(dissenting):
I cannot agree that the pistols were seized through an invalid exploratory search. In determining the validity of the search, “the test still is, was the search unreasonable”, Preston v. United States, 376 U.S. 364, 367, 84 S.Ct. 881, 883, 11 L.Ed.2d 777 (1964). The search was not unreasonable if the officers conducting the search had reasonable or probable cause to believe they would find the instrumentality of a crime or evidence pertaining to a crime before they began their warrantless search. Dyke v. Taylor Implement Mfg. Co., 391 U.S. 216, 221, 88 S.Ct. 1472, 20 L.Ed.2d 538 (1968). For reasons hereafter stated I believe the search was reasonable.
The reasonableness of the search is not to be tested by abstract principles of law or by some ruling on another set of facts, but should be determined on the facts in this case. The facts facing the officers in this case were that the District of Columbia had suffered riots causing death or injury to many of its residents and property destruction running into millions of dollars. In an effort to restore order, the local authorities had imposed a nighttime curfew.1 The curfew was still in effect when shortly after midnight appellant’s van was stopped by Officer Rose. The appearance of the van was unusual. Although obviously not a regular police vehicle, it bore signs and tags indicating it was some kind of a special police car. Appellant claimed to have some authority or commission to be on the streets during the curfew but was unable to produce anything to substantiate his claim. It was certainly reasonable for Officer Rose to require the van to follow him to the nearby precinct where appellant’s claimed credentials could be checked out, and as a precautionary measure to have Officer Meleo follow behind the van.

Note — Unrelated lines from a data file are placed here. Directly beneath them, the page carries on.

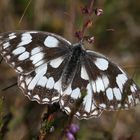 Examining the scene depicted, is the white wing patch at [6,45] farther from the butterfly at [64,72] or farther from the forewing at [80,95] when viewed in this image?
the forewing at [80,95]

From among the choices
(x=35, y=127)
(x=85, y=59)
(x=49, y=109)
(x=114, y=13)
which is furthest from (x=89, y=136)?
(x=114, y=13)

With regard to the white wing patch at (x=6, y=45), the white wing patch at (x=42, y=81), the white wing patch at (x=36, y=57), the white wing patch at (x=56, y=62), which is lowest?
the white wing patch at (x=42, y=81)

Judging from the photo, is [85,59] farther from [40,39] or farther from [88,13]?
[88,13]

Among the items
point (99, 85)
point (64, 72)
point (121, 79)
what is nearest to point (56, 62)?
point (64, 72)

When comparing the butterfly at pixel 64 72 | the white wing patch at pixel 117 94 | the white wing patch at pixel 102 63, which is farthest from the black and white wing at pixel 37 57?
the white wing patch at pixel 117 94

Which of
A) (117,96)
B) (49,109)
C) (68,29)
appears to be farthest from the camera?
(68,29)

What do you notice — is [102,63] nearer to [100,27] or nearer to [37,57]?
[37,57]

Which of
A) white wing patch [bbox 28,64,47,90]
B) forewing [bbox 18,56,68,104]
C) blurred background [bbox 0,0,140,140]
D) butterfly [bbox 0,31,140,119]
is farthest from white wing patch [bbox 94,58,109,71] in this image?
blurred background [bbox 0,0,140,140] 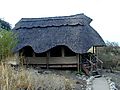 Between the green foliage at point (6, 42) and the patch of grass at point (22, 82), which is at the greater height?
the green foliage at point (6, 42)

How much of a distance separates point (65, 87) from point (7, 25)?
27.6 metres

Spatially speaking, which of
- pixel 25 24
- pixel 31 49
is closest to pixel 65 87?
pixel 31 49

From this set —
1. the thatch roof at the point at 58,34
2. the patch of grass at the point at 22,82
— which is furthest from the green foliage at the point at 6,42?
the patch of grass at the point at 22,82

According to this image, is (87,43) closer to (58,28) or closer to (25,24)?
(58,28)

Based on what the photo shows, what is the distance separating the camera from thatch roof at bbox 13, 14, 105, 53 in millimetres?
22016

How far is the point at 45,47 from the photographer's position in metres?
22.5

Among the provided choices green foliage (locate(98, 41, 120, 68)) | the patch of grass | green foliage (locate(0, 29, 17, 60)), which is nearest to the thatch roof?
green foliage (locate(0, 29, 17, 60))

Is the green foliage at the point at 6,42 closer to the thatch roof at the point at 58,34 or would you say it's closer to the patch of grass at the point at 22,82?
the thatch roof at the point at 58,34

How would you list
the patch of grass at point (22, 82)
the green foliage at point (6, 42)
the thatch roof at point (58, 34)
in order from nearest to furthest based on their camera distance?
1. the patch of grass at point (22, 82)
2. the green foliage at point (6, 42)
3. the thatch roof at point (58, 34)

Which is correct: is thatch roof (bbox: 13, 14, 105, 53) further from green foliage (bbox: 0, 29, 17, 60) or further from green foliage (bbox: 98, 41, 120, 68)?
green foliage (bbox: 98, 41, 120, 68)

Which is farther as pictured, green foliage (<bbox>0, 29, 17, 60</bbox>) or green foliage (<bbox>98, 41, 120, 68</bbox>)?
green foliage (<bbox>98, 41, 120, 68</bbox>)

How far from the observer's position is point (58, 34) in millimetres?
23078

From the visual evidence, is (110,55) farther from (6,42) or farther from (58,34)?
(6,42)

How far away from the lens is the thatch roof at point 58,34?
22.0 m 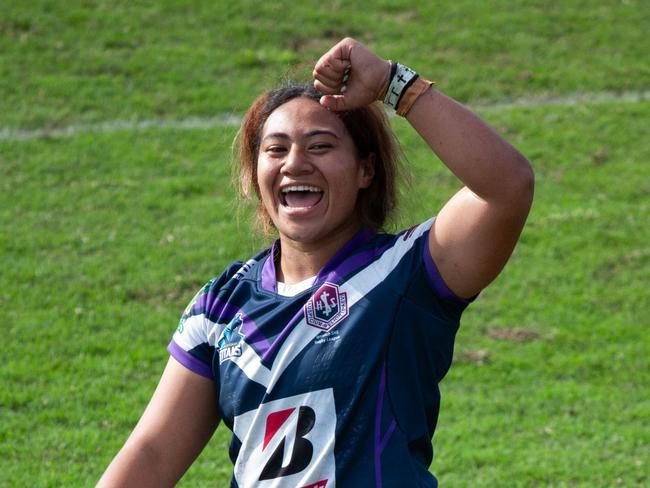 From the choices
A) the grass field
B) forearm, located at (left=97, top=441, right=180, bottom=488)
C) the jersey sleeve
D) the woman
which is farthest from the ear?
forearm, located at (left=97, top=441, right=180, bottom=488)

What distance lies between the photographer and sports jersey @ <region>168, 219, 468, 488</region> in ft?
9.02

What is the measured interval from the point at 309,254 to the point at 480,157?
1.93ft

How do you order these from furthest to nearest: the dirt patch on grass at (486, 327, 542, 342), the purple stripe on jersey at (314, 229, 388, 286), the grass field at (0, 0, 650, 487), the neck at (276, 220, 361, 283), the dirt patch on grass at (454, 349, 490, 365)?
the dirt patch on grass at (486, 327, 542, 342) < the dirt patch on grass at (454, 349, 490, 365) < the grass field at (0, 0, 650, 487) < the neck at (276, 220, 361, 283) < the purple stripe on jersey at (314, 229, 388, 286)

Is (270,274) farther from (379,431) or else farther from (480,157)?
(480,157)

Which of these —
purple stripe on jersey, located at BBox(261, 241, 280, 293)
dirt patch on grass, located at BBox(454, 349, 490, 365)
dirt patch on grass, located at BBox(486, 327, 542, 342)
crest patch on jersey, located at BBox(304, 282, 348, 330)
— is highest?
crest patch on jersey, located at BBox(304, 282, 348, 330)

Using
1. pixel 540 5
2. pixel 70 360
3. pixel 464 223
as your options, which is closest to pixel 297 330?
pixel 464 223

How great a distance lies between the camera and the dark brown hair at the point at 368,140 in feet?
10.1

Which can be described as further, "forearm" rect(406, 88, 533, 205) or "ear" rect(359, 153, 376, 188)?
"ear" rect(359, 153, 376, 188)

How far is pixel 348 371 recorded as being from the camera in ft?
9.07

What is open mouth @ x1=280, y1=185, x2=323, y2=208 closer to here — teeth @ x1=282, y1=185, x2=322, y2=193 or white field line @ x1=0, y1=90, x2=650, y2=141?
teeth @ x1=282, y1=185, x2=322, y2=193

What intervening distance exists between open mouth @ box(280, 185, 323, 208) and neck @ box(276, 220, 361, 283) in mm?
98

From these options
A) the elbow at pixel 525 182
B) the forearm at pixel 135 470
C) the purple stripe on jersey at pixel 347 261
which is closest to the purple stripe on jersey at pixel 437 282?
the purple stripe on jersey at pixel 347 261

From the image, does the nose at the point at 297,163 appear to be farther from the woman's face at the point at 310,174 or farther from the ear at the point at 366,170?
the ear at the point at 366,170

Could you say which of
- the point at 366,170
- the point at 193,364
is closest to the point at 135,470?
the point at 193,364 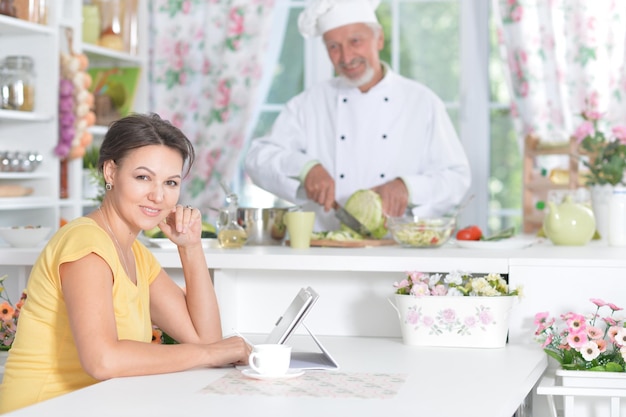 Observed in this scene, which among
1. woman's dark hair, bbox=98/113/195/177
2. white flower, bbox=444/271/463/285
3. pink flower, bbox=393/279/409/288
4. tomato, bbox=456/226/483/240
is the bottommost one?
pink flower, bbox=393/279/409/288

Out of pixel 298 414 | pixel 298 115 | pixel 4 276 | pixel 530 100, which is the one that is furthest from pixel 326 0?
pixel 298 414

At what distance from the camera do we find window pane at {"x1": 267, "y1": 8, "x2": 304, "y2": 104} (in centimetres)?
523

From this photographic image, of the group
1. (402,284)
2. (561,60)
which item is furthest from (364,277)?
(561,60)

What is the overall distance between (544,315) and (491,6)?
2.97 meters

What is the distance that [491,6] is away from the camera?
5000mm

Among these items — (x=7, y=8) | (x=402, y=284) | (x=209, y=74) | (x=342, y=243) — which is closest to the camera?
(x=402, y=284)

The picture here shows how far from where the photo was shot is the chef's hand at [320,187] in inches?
131

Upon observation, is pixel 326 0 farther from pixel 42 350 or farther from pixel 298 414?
pixel 298 414

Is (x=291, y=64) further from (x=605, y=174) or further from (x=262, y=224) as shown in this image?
(x=262, y=224)

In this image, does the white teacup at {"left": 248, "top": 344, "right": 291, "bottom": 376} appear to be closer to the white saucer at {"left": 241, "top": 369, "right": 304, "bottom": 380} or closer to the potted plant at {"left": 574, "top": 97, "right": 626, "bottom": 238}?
the white saucer at {"left": 241, "top": 369, "right": 304, "bottom": 380}

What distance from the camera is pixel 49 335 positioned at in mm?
1975

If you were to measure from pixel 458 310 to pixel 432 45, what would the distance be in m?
2.90

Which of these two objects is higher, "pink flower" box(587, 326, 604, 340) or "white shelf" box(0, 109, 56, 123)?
"white shelf" box(0, 109, 56, 123)

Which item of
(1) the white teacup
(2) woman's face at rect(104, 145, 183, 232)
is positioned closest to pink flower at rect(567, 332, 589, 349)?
(1) the white teacup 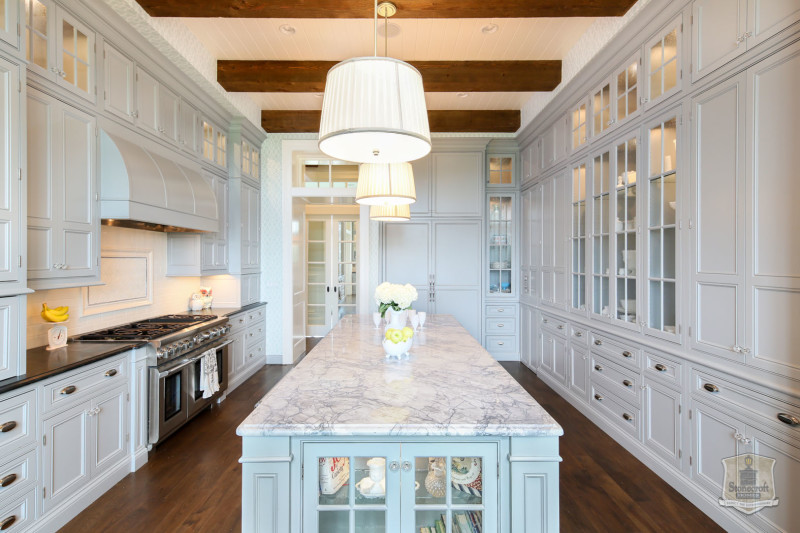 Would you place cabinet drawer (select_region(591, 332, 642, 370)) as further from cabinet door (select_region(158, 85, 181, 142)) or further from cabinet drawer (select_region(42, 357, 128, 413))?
cabinet door (select_region(158, 85, 181, 142))

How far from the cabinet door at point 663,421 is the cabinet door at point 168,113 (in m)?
4.28

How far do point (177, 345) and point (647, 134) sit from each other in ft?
12.4

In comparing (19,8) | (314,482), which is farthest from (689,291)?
(19,8)

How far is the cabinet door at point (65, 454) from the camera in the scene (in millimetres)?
2041

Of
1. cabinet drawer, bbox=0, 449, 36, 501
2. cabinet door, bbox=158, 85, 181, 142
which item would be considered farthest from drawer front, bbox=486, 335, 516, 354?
cabinet drawer, bbox=0, 449, 36, 501

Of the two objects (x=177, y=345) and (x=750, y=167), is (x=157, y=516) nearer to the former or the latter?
(x=177, y=345)

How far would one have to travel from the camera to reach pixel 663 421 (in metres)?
2.61

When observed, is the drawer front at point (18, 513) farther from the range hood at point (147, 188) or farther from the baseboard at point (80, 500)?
the range hood at point (147, 188)

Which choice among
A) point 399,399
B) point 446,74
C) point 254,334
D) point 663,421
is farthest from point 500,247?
point 399,399

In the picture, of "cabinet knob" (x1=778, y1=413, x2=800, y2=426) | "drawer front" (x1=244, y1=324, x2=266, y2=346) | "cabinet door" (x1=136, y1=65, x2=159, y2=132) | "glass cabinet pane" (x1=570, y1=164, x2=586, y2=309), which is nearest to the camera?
"cabinet knob" (x1=778, y1=413, x2=800, y2=426)

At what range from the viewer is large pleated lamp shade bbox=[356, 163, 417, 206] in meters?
2.55

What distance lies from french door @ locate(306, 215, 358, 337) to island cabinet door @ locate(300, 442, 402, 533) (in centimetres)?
587

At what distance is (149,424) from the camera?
9.37ft

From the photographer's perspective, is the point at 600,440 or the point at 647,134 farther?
the point at 600,440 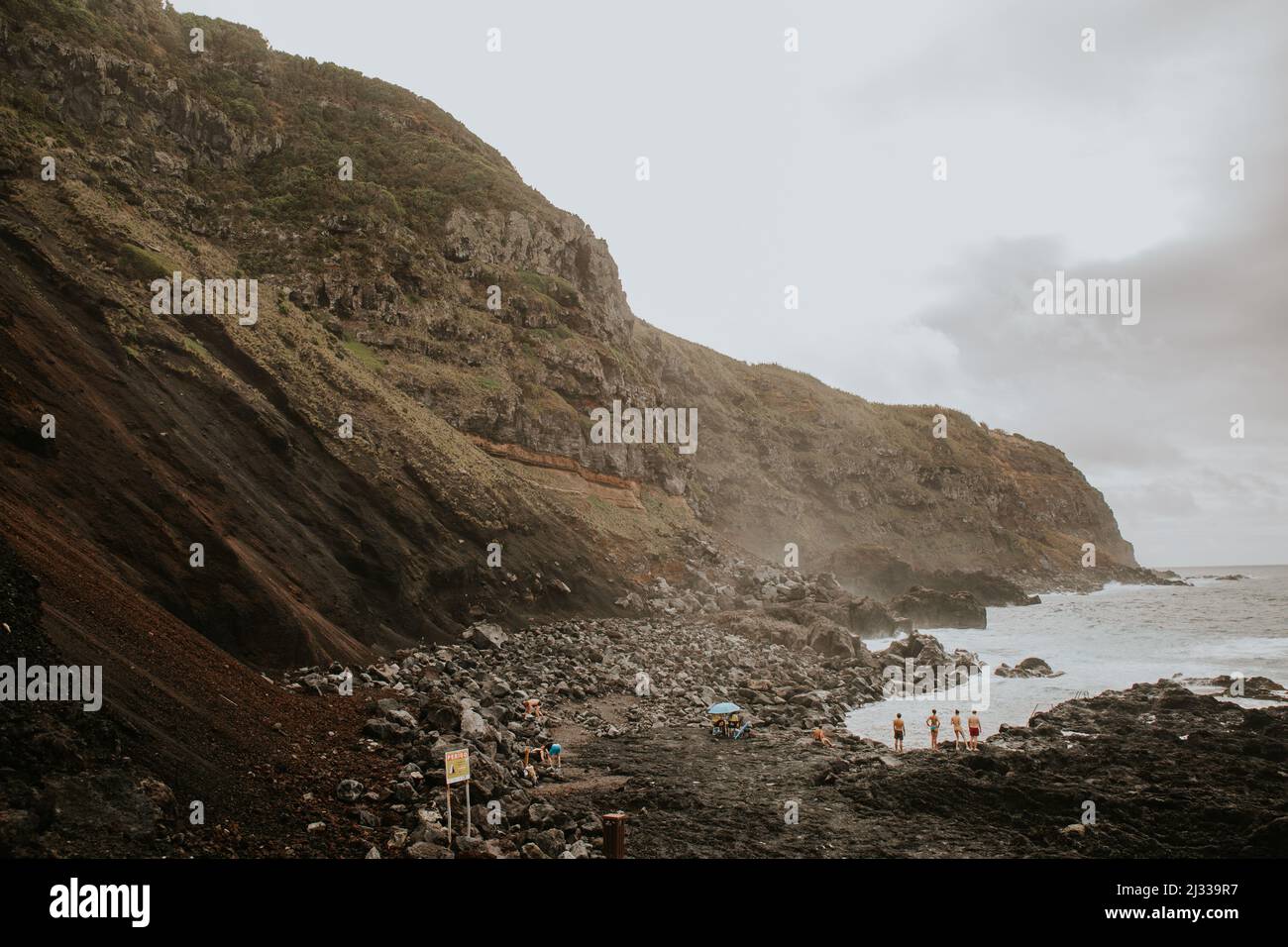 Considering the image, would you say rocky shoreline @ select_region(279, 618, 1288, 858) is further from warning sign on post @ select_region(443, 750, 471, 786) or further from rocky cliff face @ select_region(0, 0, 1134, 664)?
rocky cliff face @ select_region(0, 0, 1134, 664)

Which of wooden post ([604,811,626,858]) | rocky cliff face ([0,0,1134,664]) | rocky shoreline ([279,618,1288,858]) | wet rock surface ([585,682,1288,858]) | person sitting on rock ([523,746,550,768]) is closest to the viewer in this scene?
wooden post ([604,811,626,858])

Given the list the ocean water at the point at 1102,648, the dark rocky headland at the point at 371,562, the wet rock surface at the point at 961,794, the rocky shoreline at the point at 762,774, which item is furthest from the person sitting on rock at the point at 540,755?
the ocean water at the point at 1102,648

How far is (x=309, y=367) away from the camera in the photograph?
28391 mm

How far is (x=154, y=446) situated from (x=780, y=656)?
966 inches

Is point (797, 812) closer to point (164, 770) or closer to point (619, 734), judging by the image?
point (619, 734)

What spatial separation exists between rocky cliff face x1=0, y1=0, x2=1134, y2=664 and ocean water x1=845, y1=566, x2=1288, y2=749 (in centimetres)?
1473

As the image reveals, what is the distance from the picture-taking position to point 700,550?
47781 millimetres

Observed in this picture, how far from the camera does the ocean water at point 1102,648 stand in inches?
1030

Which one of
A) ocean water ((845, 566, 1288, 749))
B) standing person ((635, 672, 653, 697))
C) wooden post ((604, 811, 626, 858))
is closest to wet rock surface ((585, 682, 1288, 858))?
standing person ((635, 672, 653, 697))

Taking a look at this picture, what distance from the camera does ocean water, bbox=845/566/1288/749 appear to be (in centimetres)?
2617

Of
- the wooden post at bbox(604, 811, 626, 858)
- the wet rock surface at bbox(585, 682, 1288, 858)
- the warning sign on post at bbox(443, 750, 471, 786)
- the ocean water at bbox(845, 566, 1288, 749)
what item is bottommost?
the ocean water at bbox(845, 566, 1288, 749)

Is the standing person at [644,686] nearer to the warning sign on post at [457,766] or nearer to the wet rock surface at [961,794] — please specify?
the wet rock surface at [961,794]

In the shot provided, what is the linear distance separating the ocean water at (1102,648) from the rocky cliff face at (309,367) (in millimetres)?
14731

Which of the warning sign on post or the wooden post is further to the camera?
the warning sign on post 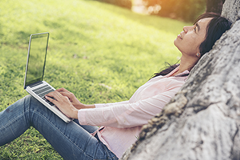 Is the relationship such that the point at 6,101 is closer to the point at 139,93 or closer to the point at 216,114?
the point at 139,93

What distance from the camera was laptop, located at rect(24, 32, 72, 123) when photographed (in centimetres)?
181

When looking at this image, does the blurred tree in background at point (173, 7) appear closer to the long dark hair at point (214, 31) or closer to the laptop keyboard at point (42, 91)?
the laptop keyboard at point (42, 91)

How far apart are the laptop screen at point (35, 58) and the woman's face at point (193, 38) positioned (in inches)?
58.4

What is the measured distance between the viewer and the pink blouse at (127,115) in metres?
1.54

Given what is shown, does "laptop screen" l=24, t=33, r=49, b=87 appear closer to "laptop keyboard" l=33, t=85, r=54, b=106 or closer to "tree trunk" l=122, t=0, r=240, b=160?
"laptop keyboard" l=33, t=85, r=54, b=106

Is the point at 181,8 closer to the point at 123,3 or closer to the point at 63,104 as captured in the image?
the point at 123,3

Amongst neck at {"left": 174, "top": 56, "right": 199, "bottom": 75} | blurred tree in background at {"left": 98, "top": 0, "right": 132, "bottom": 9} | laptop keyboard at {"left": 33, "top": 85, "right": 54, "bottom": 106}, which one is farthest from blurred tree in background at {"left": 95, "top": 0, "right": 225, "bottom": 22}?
neck at {"left": 174, "top": 56, "right": 199, "bottom": 75}

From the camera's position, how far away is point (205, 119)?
84cm

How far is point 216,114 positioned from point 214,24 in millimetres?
1039

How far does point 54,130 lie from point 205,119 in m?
1.29

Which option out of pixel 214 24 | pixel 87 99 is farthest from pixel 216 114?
pixel 87 99

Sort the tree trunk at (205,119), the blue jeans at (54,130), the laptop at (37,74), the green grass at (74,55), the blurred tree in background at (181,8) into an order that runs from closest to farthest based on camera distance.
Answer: the tree trunk at (205,119)
the blue jeans at (54,130)
the laptop at (37,74)
the green grass at (74,55)
the blurred tree in background at (181,8)

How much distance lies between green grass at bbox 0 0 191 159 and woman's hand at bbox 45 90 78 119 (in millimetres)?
957

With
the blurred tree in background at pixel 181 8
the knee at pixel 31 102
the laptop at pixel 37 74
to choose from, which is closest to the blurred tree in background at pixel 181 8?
the blurred tree in background at pixel 181 8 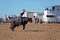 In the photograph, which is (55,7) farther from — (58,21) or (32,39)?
(32,39)

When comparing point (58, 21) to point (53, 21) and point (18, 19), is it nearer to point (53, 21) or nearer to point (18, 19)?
point (53, 21)

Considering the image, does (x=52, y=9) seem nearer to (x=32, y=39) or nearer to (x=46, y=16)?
(x=46, y=16)

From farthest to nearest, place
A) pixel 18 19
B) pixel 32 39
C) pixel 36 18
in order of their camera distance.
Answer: pixel 36 18
pixel 18 19
pixel 32 39

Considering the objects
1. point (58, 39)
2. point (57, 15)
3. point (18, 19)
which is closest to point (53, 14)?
point (57, 15)

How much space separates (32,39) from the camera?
1356 cm

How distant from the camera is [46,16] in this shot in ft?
184

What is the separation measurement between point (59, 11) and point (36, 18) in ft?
19.2

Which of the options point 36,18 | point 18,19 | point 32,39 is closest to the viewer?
point 32,39

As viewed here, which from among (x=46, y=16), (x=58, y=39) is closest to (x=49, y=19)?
(x=46, y=16)

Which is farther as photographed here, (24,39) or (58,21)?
(58,21)

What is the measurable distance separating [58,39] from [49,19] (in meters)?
42.7

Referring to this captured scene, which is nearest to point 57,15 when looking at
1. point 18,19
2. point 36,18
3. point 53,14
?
point 53,14

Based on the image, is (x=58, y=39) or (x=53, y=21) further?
(x=53, y=21)

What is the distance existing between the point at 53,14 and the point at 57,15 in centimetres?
102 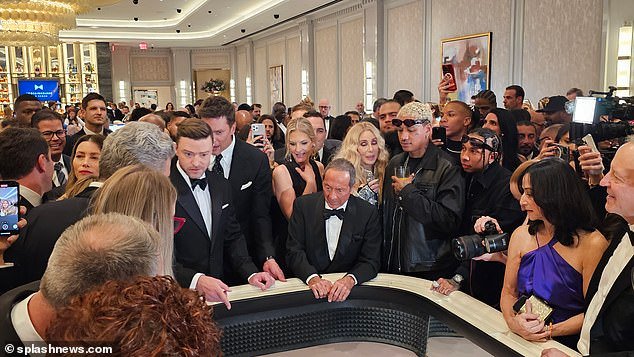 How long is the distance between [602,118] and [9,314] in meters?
3.58

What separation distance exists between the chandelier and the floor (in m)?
6.20

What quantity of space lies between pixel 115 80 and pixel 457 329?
21568mm

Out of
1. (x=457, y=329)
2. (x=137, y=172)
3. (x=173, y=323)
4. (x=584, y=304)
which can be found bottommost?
(x=457, y=329)

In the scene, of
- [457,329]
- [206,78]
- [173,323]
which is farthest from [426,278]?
[206,78]

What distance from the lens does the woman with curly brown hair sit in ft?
3.16

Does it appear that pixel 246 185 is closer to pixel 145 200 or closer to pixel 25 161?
pixel 25 161

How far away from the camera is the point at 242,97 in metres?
22.2

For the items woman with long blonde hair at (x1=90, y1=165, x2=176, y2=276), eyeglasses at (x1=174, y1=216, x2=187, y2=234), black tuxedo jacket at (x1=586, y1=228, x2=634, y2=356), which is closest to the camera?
woman with long blonde hair at (x1=90, y1=165, x2=176, y2=276)

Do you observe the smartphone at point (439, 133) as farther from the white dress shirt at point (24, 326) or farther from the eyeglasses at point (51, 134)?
the white dress shirt at point (24, 326)

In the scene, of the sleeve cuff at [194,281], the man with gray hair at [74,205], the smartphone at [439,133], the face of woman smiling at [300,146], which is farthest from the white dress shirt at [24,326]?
the smartphone at [439,133]

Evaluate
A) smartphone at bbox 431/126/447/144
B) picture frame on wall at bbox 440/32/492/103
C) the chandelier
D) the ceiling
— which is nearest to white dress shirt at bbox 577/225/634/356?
smartphone at bbox 431/126/447/144

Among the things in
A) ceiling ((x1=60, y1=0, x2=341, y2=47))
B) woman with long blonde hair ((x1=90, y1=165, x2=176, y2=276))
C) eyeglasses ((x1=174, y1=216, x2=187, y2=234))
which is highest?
ceiling ((x1=60, y1=0, x2=341, y2=47))

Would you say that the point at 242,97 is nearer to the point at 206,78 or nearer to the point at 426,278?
the point at 206,78

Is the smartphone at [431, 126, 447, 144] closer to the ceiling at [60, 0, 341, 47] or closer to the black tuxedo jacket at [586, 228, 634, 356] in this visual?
the black tuxedo jacket at [586, 228, 634, 356] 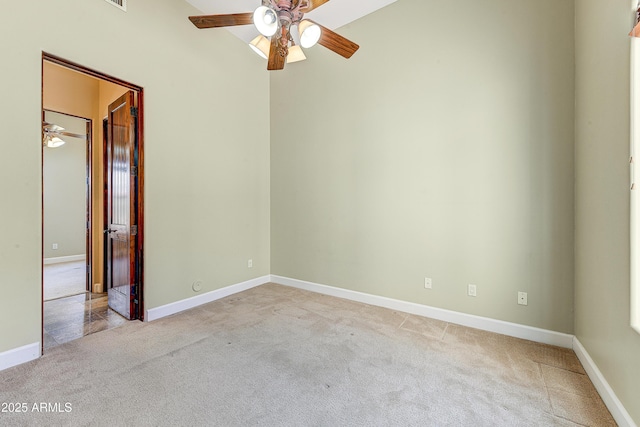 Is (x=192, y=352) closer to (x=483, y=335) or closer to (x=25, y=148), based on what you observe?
(x=25, y=148)

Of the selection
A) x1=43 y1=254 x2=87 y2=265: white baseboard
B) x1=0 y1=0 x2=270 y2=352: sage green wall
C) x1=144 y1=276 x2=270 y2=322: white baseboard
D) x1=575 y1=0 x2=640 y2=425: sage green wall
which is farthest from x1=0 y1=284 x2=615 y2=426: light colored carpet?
x1=43 y1=254 x2=87 y2=265: white baseboard

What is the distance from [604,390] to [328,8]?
4.20 meters

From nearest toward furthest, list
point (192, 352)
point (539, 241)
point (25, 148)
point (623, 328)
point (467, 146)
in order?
point (623, 328) < point (25, 148) < point (192, 352) < point (539, 241) < point (467, 146)

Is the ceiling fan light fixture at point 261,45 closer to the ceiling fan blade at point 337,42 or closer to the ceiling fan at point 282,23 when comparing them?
the ceiling fan at point 282,23

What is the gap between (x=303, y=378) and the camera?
191 centimetres

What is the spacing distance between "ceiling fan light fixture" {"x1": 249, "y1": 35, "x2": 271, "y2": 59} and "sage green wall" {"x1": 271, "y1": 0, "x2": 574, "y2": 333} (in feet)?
3.96

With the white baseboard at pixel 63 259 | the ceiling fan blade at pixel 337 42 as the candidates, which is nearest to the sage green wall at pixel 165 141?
the ceiling fan blade at pixel 337 42

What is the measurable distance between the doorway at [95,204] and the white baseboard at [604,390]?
3.76 m

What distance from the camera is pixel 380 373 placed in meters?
1.97

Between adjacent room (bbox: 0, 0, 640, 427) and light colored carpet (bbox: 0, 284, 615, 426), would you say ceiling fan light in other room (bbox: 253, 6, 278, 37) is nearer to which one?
adjacent room (bbox: 0, 0, 640, 427)

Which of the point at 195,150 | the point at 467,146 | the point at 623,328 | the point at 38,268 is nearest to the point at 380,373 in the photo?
the point at 623,328

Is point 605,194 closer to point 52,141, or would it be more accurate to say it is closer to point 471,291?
point 471,291

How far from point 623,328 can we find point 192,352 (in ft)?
9.42

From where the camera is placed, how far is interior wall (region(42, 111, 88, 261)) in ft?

When Officer Meleo saw appellant apparently placing something under the seat he had before him these facts. Here was a man who pretended to be some kind of special police with authority to be on the streets during the curfew to protect property, prominently displaying a shotgun in the front of his vehicle, and apparently trying to conceal something under the seat before he reached the precinct. I think these circumstances gave Officer Meleo reasonable cause to believe that appellant was attempting to conceal a pistol or other weapon under the seat. Police officers are usually armed, and it was reasonable to believe that one who pretended to be an officer and openly displayed a shotgun, would be carrying arms other than the shotgun. The officer did not make an exploratory search of the van. He merely reached under the seat to see what this bogus policeman was trying to hide.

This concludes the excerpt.